What the exercise asks ->
Take the lines below beginning at the line that has "欧元纸币和硬币的平躺顶部视图" and stopping after the line that has "Hotel Continental Reggio", and print them exactly as they are, with no other lines.
** The data follows **
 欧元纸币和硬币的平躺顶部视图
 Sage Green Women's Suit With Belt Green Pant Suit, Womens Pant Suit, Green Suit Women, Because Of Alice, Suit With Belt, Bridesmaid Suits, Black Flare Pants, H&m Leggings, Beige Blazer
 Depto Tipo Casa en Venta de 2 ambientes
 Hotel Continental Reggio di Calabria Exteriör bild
** End of The data **
** The data follows **
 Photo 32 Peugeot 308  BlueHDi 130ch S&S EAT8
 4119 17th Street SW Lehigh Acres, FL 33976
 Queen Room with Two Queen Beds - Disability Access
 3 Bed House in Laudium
** End of The data **
Written response ->
 欧元纸币和硬币的平躺顶部视图
 Sage Green Women's Suit With Belt Green Pant Suit, Womens Pant Suit, Green Suit Women, Because Of Alice, Suit With Belt, Bridesmaid Suits, Black Flare Pants, H&m Leggings, Beige Blazer
 Depto Tipo Casa en Venta de 2 ambientes
 Hotel Continental Reggio di Calabria Exteriör bild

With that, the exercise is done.